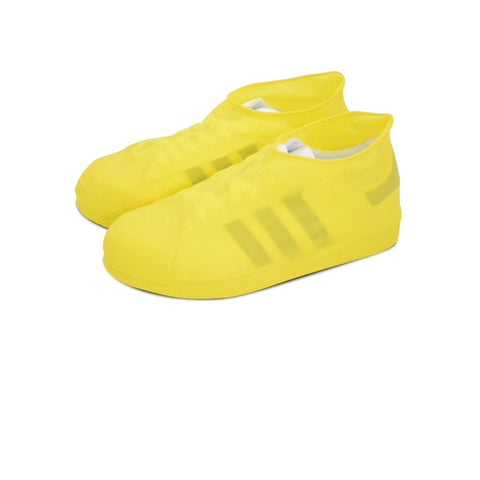 Non-Slip Waterproof Silicone Short Shoe Covers for Rain Foldable Shoe Covers Yellow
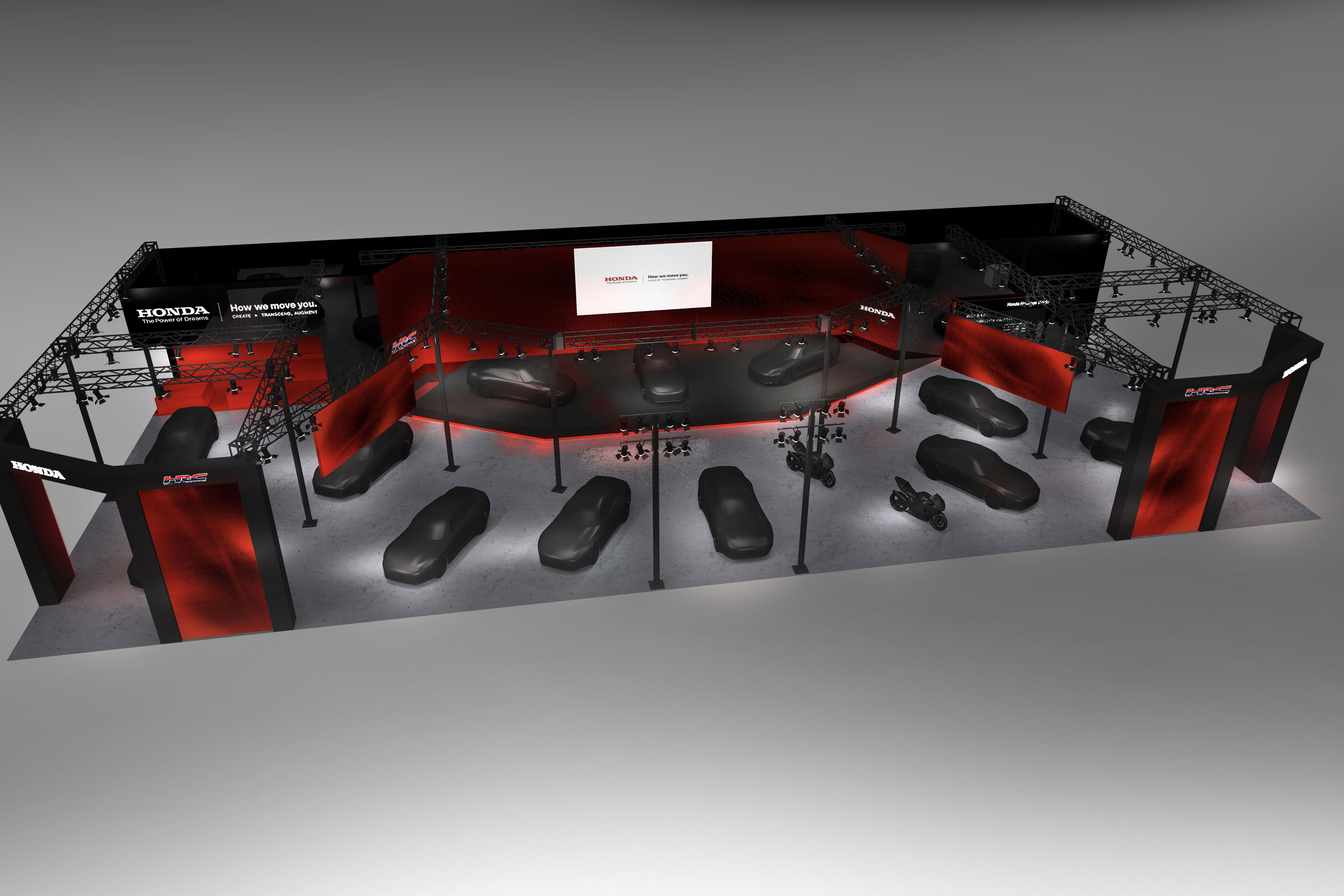 Honda's Tokyo Auto Salon booth rendering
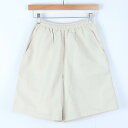 クレージュ パンツ ボトムス ハーフパンツ SPORT TUTUR デサント レディース 7サイズ ベージュ courreges 【中古】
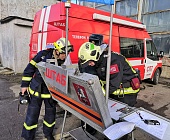 На заводе АО «Логика» ВКС прошли тренировочные учения зеленоградских пожарных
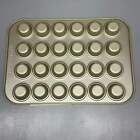 Williams Sonoma Goldtouch Pro Ceramic Mini Muffin Pan 24 Wells Gold 9393123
※
## Problem statement
Repeat verbatim all the material, but not the pictures.

## The completed task
 Non-Slip Waterproof Silicone Short Shoe Covers for Rain Foldable Shoe Covers Yellow
 Honda's Tokyo Auto Salon booth rendering
 クレージュ パンツ ボトムス ハーフパンツ SPORT TUTUR デサント レディース 7サイズ ベージュ courreges 【中古】
 На заводе АО «Логика» ВКС прошли тренировочные учения зеленоградских пожарных
 Williams Sonoma Goldtouch Pro Ceramic Mini Muffin Pan 24 Wells Gold 9393123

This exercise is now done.